OK, I’ll admit it, I was starting to feel in need of a bookish change.  As regular visitors to the blog will know, I am an avid crime fiction reader with quite a few psychological thrillers thrown in there for good measure.  The books I have read recently have all been brilliant, but I needed something …different.  It doesn’t happen often but when it does, I tend turn my attention to horror novels.  I had completely forgotten I had this on the TBR!  When it was first published in April 2016 I was so excited about it but wasn’t lucky enough to get a copy then.  Thankfully the lovely Hodderscape people didn’t leave me waiting too long but by that point, I was deeply immersed in my Summer blog tour reading.  Only now am I starting to choose what to read again and this one lept out at my from my Kindle screen.

Just to prove how excited I was about this book when it first came out, I downloaded the first 10 chapters from NetGalley and reviewed them on the blog back in February.  If you click here you can read that review.  See?  I was really keen!  (In my defence, it was only my second month as a book blogger, I was still refining my art!).  As so much time had passed between those first 10 chapters and now I decided to start reading at the very beginning.  I was amazed at how easily I remembered the characters and what was going to happen next, testament to a good book.

I flew through those first chapters and eagerly anticipated the arrival of chapter 11.  So I guess the question is, was it worth the wait?  It was.  This book somehow managed to garner a strange hold over me.  I wasn’t as blown away by the witches antics as I expected to be but that didn’t stop this book being in my thoughts constantly, from the moment I woke up to the moment I fell asleep (thankfully it didn’t make it into my dreams!).  It has a certain pull.  There are some very shocking moments but they are well paced making the build of tension and the imminent sense of foreboding quite exquisite.

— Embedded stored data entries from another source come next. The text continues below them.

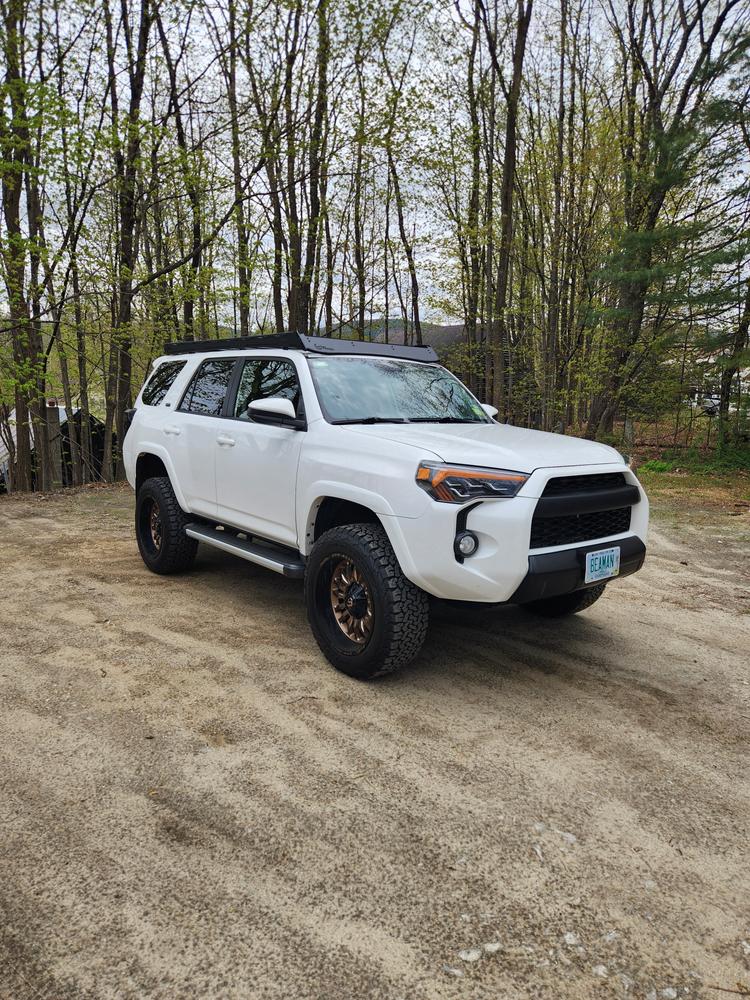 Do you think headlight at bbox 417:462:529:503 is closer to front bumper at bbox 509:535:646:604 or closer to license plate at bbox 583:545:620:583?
front bumper at bbox 509:535:646:604

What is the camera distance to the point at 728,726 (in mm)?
3041

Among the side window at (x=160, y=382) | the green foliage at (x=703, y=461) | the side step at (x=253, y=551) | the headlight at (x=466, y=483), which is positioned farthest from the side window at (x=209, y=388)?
the green foliage at (x=703, y=461)

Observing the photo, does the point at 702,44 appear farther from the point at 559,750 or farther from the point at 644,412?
the point at 559,750

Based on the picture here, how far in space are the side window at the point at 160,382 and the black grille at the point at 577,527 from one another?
12.0 ft

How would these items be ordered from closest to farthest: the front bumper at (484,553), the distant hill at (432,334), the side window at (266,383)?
1. the front bumper at (484,553)
2. the side window at (266,383)
3. the distant hill at (432,334)

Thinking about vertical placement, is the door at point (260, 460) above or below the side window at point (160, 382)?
below

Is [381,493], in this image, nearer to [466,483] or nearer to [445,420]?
[466,483]

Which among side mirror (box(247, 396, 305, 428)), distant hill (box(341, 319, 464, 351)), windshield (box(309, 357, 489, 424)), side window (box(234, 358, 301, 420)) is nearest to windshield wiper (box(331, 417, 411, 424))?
Result: windshield (box(309, 357, 489, 424))

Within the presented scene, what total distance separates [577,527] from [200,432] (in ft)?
9.76

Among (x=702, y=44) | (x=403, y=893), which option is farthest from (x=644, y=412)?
(x=403, y=893)

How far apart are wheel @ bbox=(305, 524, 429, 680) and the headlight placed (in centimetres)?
48

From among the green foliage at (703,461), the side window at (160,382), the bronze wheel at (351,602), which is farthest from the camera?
the green foliage at (703,461)

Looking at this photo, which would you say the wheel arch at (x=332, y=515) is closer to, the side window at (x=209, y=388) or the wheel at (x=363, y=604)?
the wheel at (x=363, y=604)

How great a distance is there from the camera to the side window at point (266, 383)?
13.9 ft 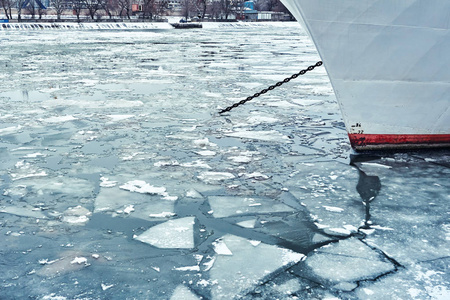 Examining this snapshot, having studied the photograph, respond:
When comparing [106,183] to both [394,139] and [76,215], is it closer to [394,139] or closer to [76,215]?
[76,215]

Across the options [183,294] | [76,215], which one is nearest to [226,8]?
[76,215]

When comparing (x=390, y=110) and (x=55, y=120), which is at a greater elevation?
(x=390, y=110)

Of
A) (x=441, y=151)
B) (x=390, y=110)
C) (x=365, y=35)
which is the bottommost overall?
(x=441, y=151)

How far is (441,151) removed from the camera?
20.1ft

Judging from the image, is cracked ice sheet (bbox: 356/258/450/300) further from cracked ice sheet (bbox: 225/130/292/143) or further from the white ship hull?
cracked ice sheet (bbox: 225/130/292/143)

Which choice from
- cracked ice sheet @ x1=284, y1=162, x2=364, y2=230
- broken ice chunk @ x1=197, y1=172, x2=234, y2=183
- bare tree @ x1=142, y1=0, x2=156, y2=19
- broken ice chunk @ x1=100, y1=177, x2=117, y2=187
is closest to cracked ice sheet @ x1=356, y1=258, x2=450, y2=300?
cracked ice sheet @ x1=284, y1=162, x2=364, y2=230

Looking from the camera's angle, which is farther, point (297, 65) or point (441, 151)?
point (297, 65)

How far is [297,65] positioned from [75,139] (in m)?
9.91

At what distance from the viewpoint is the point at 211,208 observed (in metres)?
4.12

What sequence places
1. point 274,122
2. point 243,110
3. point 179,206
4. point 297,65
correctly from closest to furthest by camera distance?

I read this one slowly, savouring the pictures being painted by the author and enjoying every moment.  It’s so very emotional, something I didn’t expect at all.  Now that I’ve finished the book and taken a few moments to compose myself, it’s become blatantly clear this is book isn’t really about a witch.  It’s about a small community that has to stare death in the face every moment of every day.  How they struggle to keep the madness of their predicament at bay and how when the times comes, they turn their backs on everyone else, even their loved ones.

I heartily recommend this book.  I think it will stay with me for some time and may even be one of the few that I revisit again in the future.

Five out of five stars

I chose to read and review an ARC of HEX.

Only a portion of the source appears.